If you're bringing candidates before a pre-established board, preparation is still key, says Ian K. Portnoy, a lawyer in Washington and board member of several charities, including Big Brothers Big Sisters International and WETA, a public-broadcasting station in Arlington, Va. He suggests giving committee members a "board book," which should include a description of the open position, the search process used to gather candidates, and the process that the organization has used to narrow down the field of applicants. As far as your concern about favoritism for "pre-selected" candidates, Lin Grensing-Pophal, a human-resources consultant in Chippewa Falls, Wis., who works with nonprofit health-care clients, says that a committee can actually help to reduce unfair influence and bias. "The hiring of 'pre-selected' candidates can happen in any type of hiring situation and, in my opinion, would be more likely to occur when there is only one interviewee and one person making a decision than when an entire group is involved," she says.

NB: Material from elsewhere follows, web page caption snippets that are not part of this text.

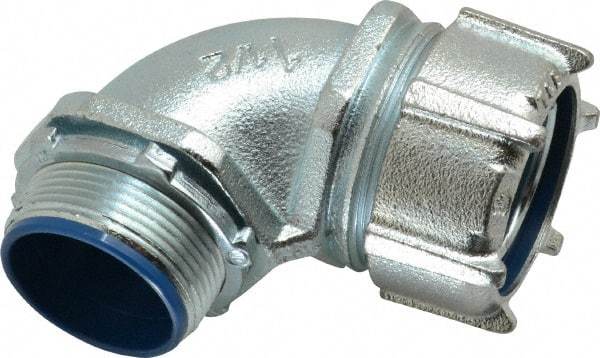 Thomas & Betts - 1-1/2" Trade, Malleable Iron Threaded Angled Liquidtight Conduit Connector - Insulated - Americas Industrial Supply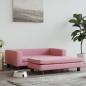 Preview: ARDEBO.de - Hundebett mit Verlängerung Rosa 100x50x30 cm Samt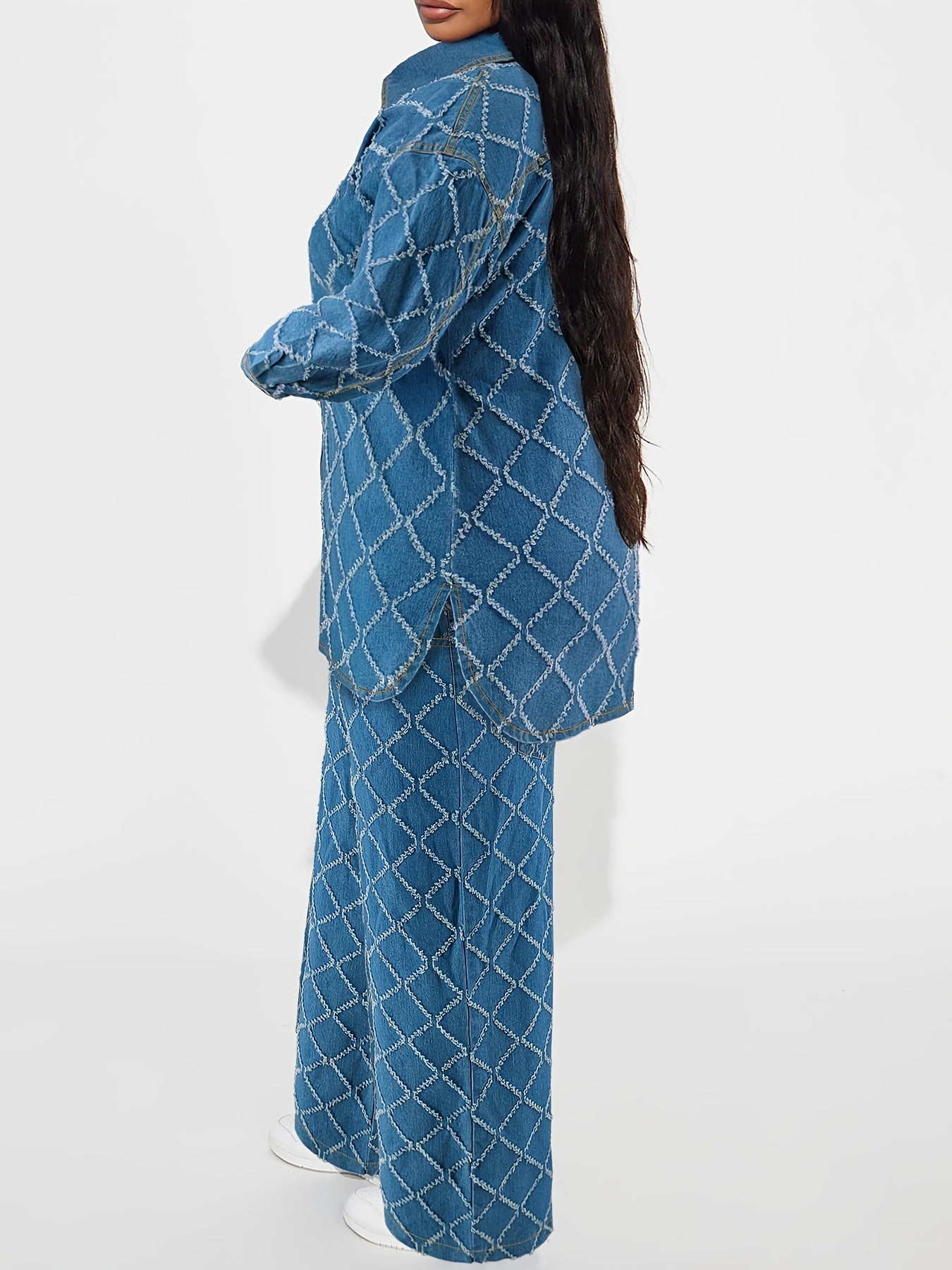 218571# Cross-Border Women's Plaid Craft Denim Two-Piece Set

Hiring by committee is not only fair, she says, "but it's the best way to guard against inadvertent bias in the hiring process -- and to increase the chance that you'll hire outside your comfort zone. We all have a tendency to gravitate toward people who are 'like us.' Those people, though, aren't necessarily the best choices for a new hire because they may not bring in traits, experiences, or strengths that are different than ours." A committee ensures that a larger number of people are taking their biases into account.

You can read more about the team-interviewing process in Ms. Grensing-Pophal's new book, Human Resource Essentials (Society for Human Resource Management, $34.95), available through the society's Web site.

Q. Where would I find a list of nonprofit organizations in the Chicago area that use prospect researchers?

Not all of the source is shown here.